Los Merengues had clearly benefitted from a few half-time words of encouragement from their coach, starting the second 45 at a gallop and not slowing to a canter until they had control of the game - all to Mourinho's plan, as he told us. Yet his angry outburst at referee Wolfgang Stark post-match for failing to give his team a penalty (for Yoann Gourcuff's handball) betrayed how high the stakes are. "It's unacceptable. It was obvious. He (Stark) was five yards away," Mourinho growled. The Portuguese was not placated by the knowledge that his team took the lead minutes later.
4. Never underestimate the power of an atmosphere
Real Madrid seemed a little taken aback by the roar of a wet and windy night in Lyon, looking more like their timid predecessors who visited eastern France rather than the renewed Copa del Rey finalists itching putting pressure on Barcelona at the top of La Liga. While demonstrably more measured in possession, Real were on the back foot for much of the opening period. With Lyon cheered on by a packed house and full of attacking bluster, the pattern of the match's opening stanzas closely mirrored that of the previous years. On the other hand, it is clear that Claude Puel's side played with more heart than head, at an unsustainable pace, and nearly paid the price for getting caught up in the occasion as they tired in the second period.

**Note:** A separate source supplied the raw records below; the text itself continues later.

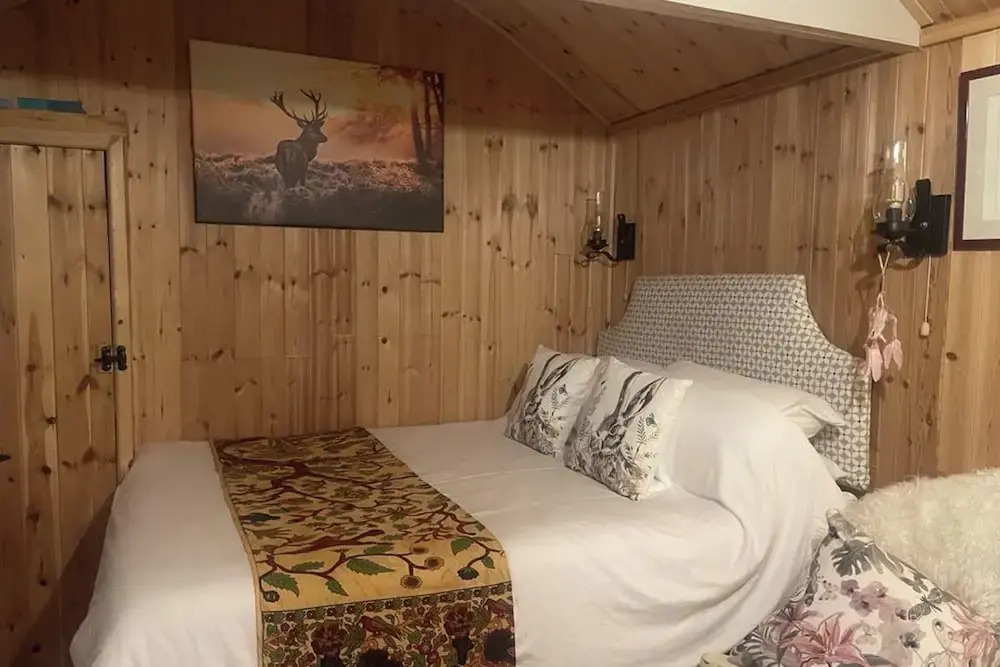 1 Bedroom Cabin Sleeps 2, Private Garden, Wifi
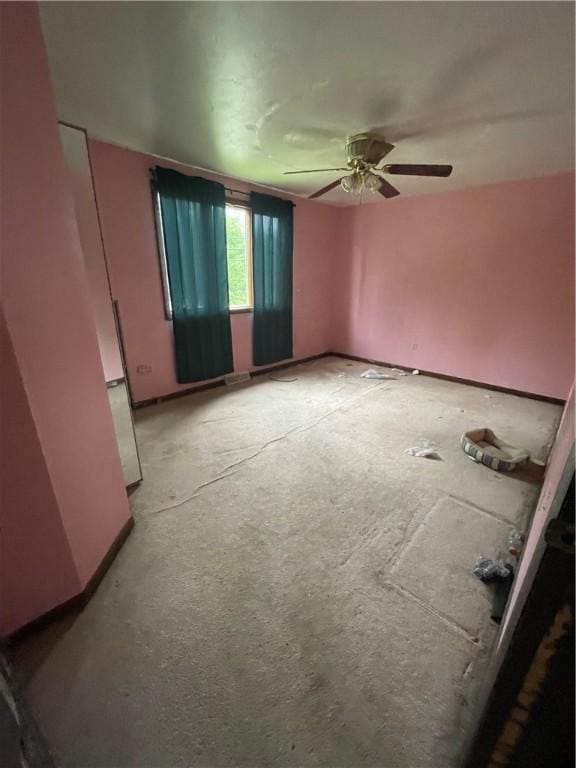 262 Twin Bridges Rd, Charleroi Boro, PA 15022 - empty room featuring ceiling fan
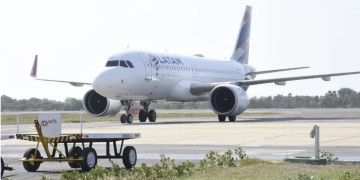 Rafael Fonteles sanciona lei com incentivos para companhias aéreas que realizam voos semanais no Piauí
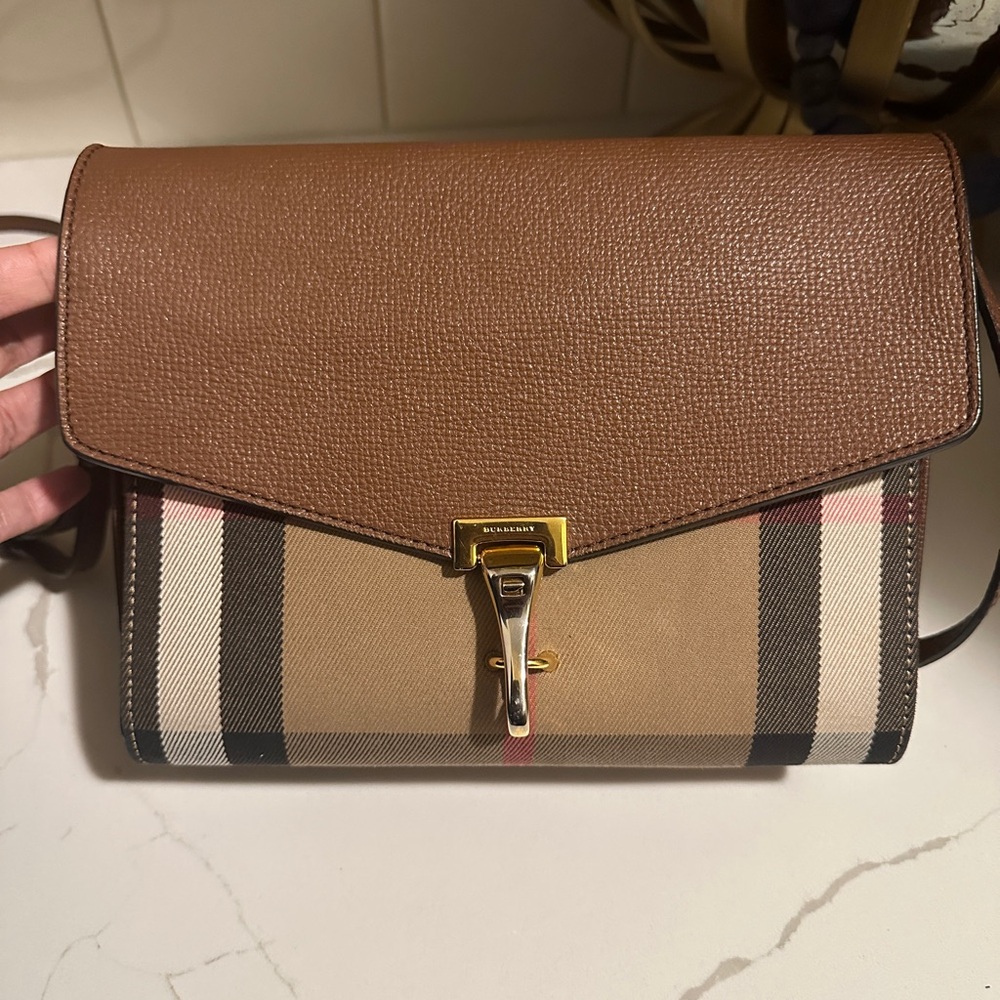 Pre loved Authentic Macken Derby leather crossbody Burberry bag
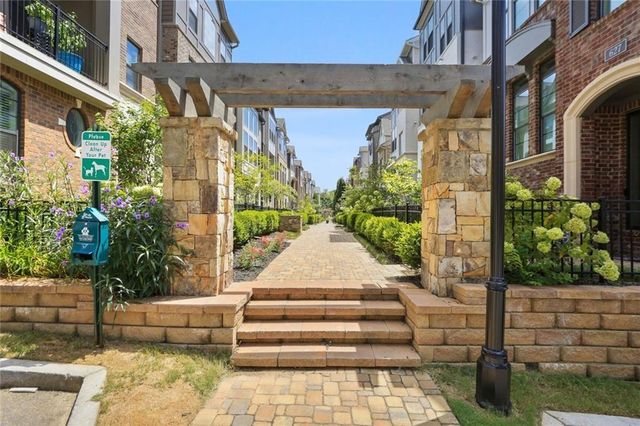 582 Broadview Place NE, Atlanta, GA 30324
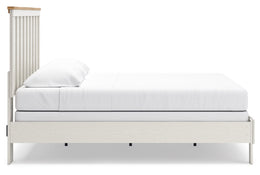 Linnocreek Panel Bed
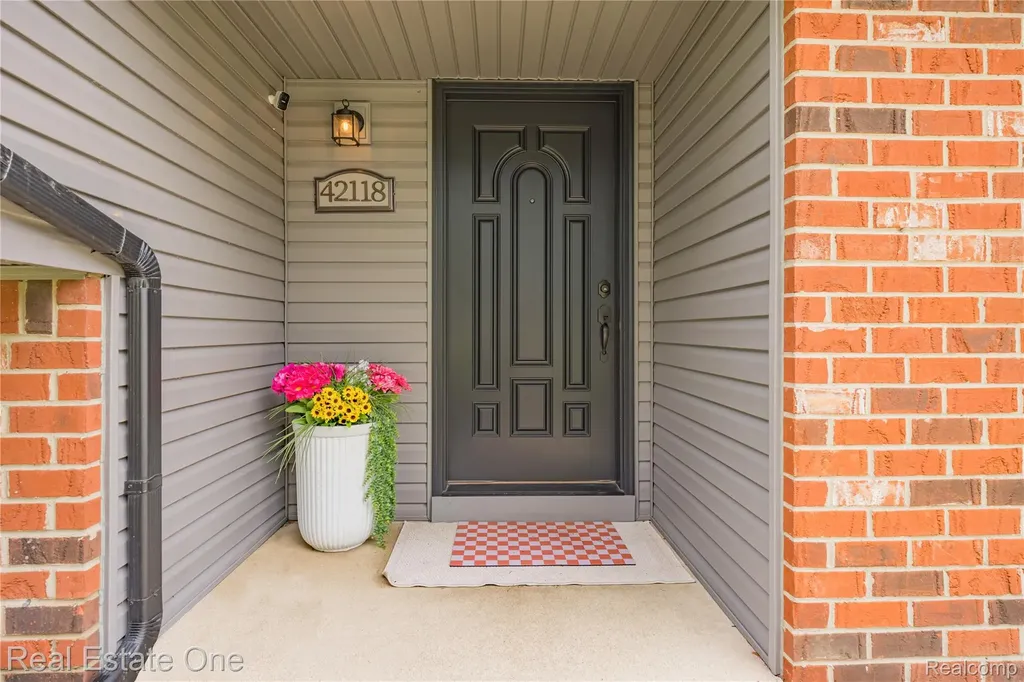 42118 Villanova Drive Sterling Heights City MI 48313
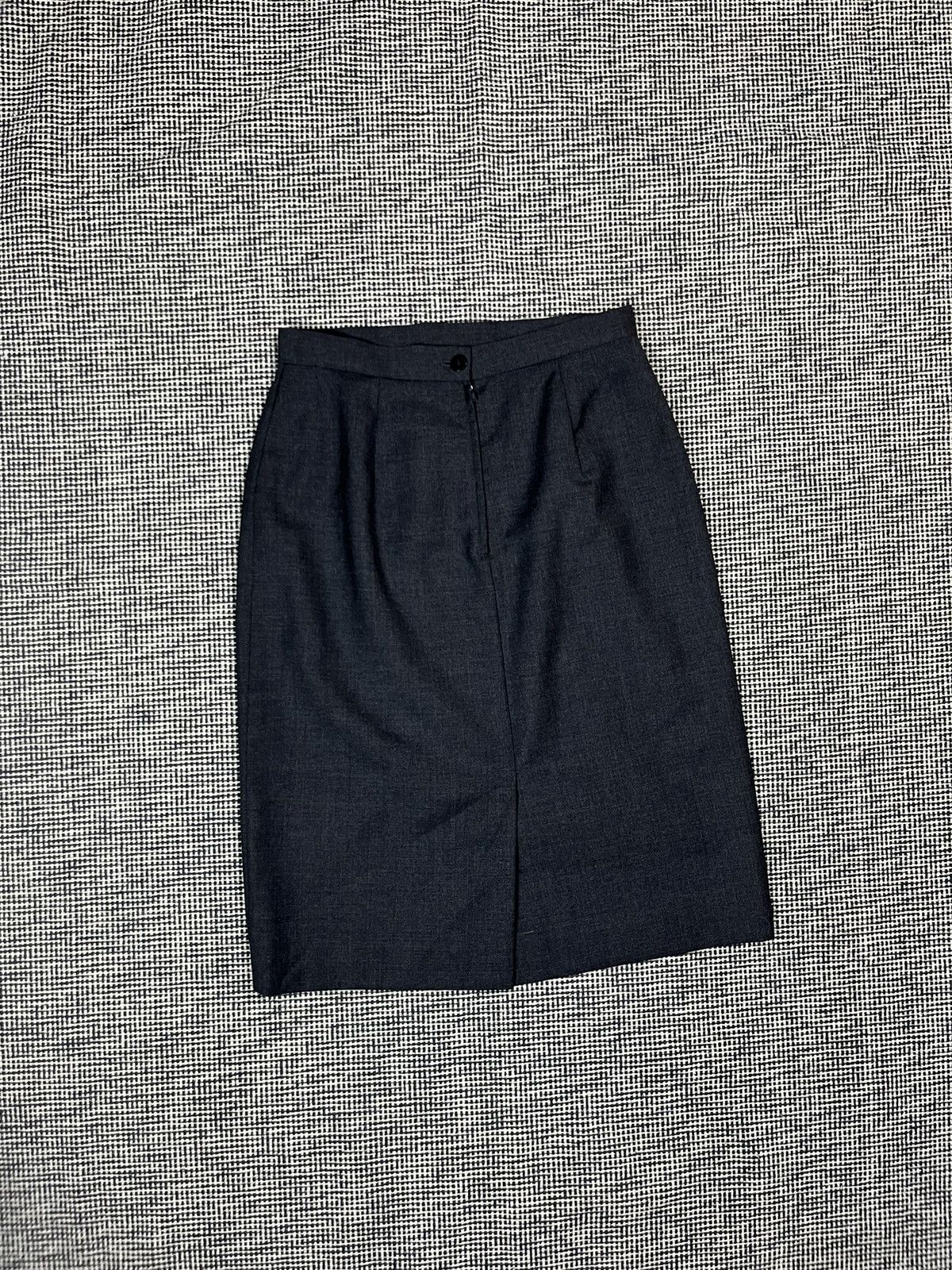 Designer × Giorgio Armani Archive Mani by Giorgio Armani pencil skirt wool gray Size 28" / US 6 / IT 42 - 1 Thumbnail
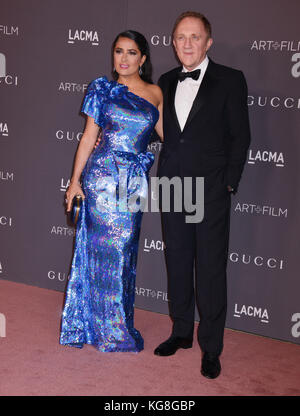 Los Angeles, Californie, USA. 4 novembre, 2017. Salma Hayek, François-Henri Pinault 164 assiste au lacma art  + film 2017 gala mark bradford et George Lucas présenté par Gucci au lacma le 4 novembre 2017 à Los Angeles, CA : crédit tsuni / usa/Alamy live news Banque D'Images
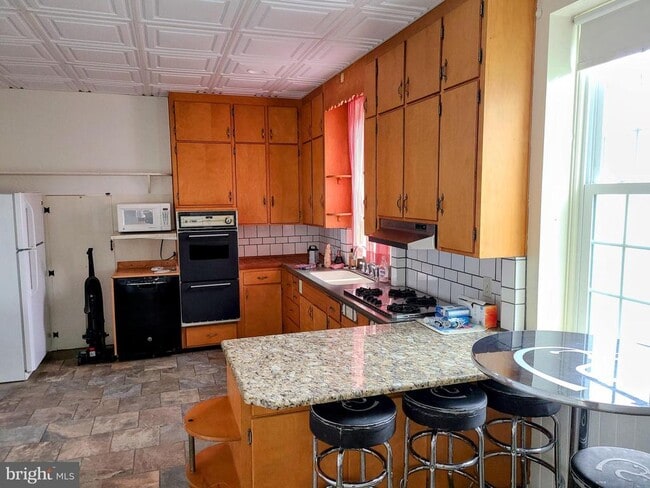 property at 203 E Main St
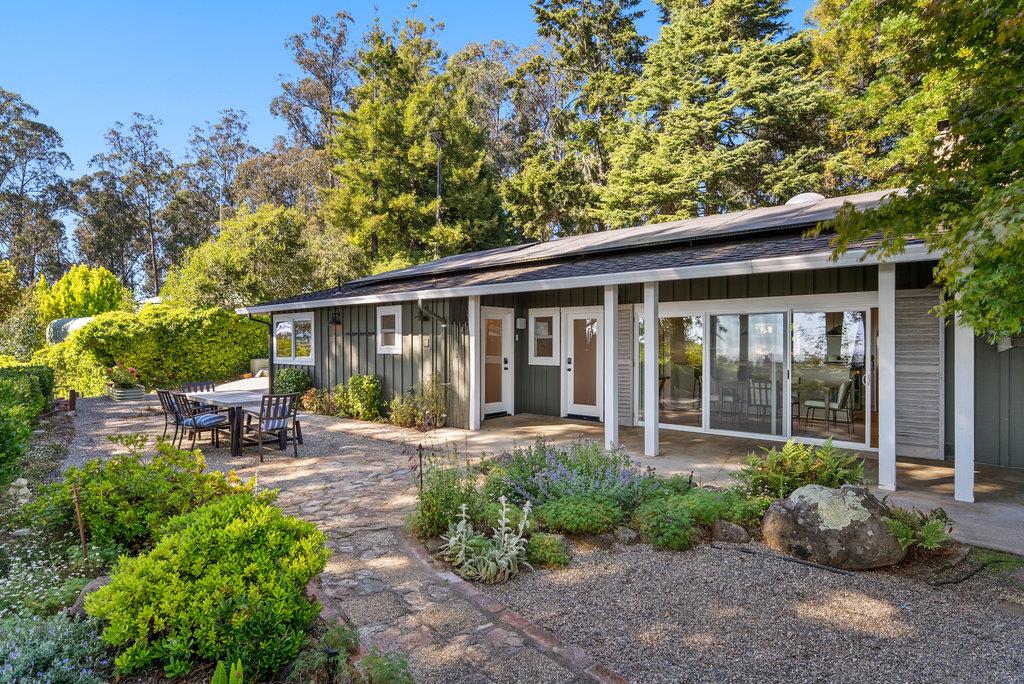 33 Aqua View Drive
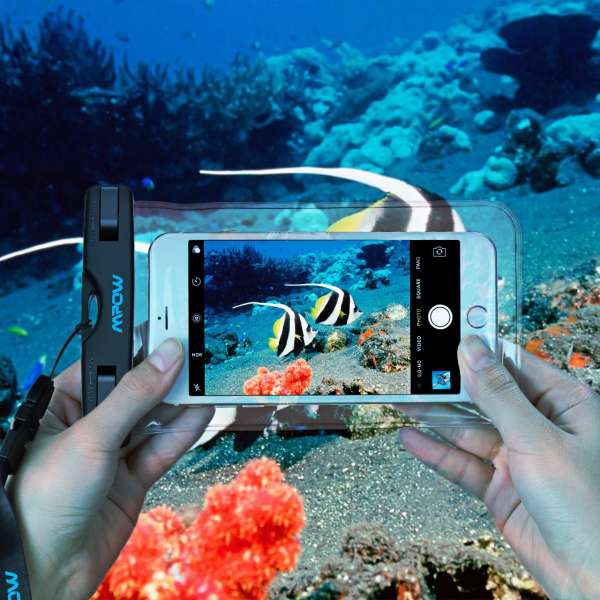 Une pochette étanche pour votre smartphone pour prendre de belles photos sous l'eau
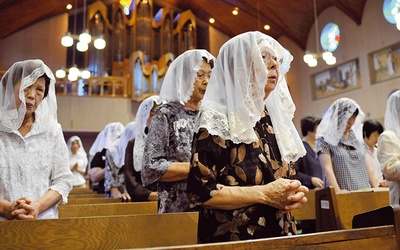 W 126-milionowym społeczeństwie japońskim chrześcijanie stanowią mniej niż 1 proc. populacji, z czego katolicy zaledwie 0,35 proc.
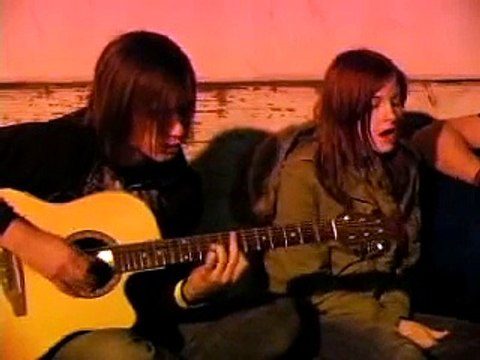 Paramore - Emergency (acoustic)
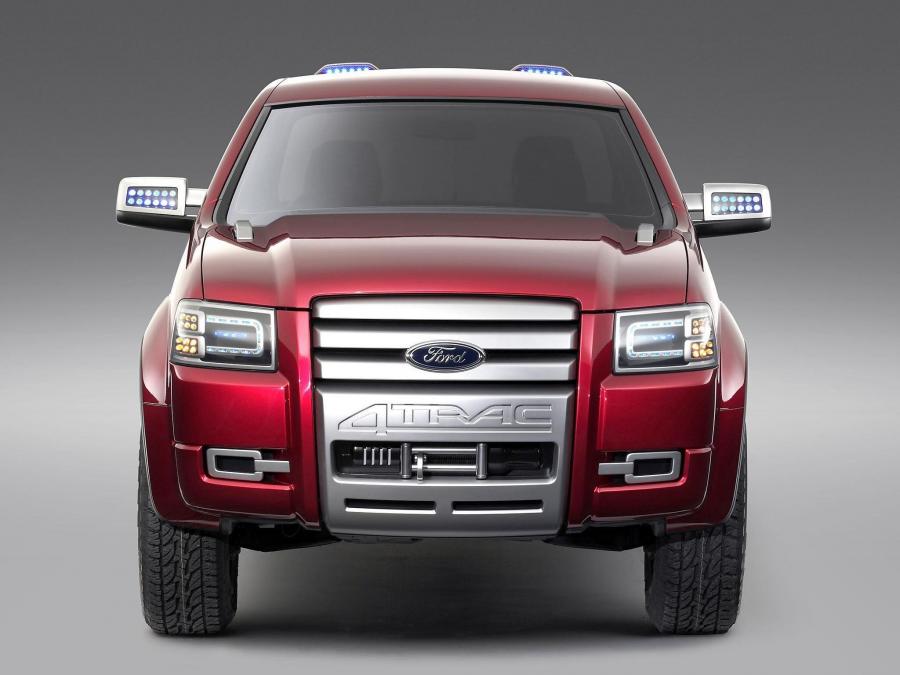  Ford 4-Trac Pick-Up Concept 2005 года  (фото 12 из 23)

It's no secret, however, that Marseille's Stade Velodrome is the ultimate stadium for atmosphere in France. Locals complain that the atmosphere was better before the roof was removed, when the stadium was renovated for the 1998 World Cup, with the noise better contained. One can only imagine what it was like then.
Didier Deschamps' men did well to keep their emotions in check for the most part of the evening, though when the temperature rise in the stands in the second half, so it did on the pitch. Marseille began to believe they could create a shock, and started to take the game to United more, though they resisted the temptation to leave themselves to counter-punches. The good news for the fans is that further renewal - ahead of Euro 2016 - will see a roof restored.
5. 4-2-3-1 can be a positive formation. But it isn't being played that way
Real Madrid and Lyon was an unusual battle, between two teams set up to counter attack. Ostensibly Mourinho's fielding of Ozil, Di Maria and Ronaldo behind Adebayor. Yet they struggled to see much of the ball in the opening half, with Xabi Alonso dropping so deep he was almost playing as an auxiliary centre-back. Lyon relied on the bursts of Delgado and Bastos on the flanks, leaving their nominal playmaker Gourcuff as just that for much of the match.
Marseille and Manchester United played with similar tactical plans on the following night 200 miles south. While it's necessary to acknowledge the amount of injuries in the United midfield, a central trio comprised of a pair of sitters in Carrick and Fletcher and Darron Gibson roaming in front didn't convince us of a team who had gone to the south of France looking for the result which would finish the tie.
It took the home side the best part of 70 minutes to dare to think they could win the game, making a lightly positive change in introducing Benoit Cheyrou for Edouard Cisse, before finally risking the nippy Mathieu Valbuena in the last 12 minutes. The absence of the injured Andre-Pierre Gignac meant Brandao was available as a perfect foil to hold up the ball for onrushing midfielders, but few seemed willing to risk it.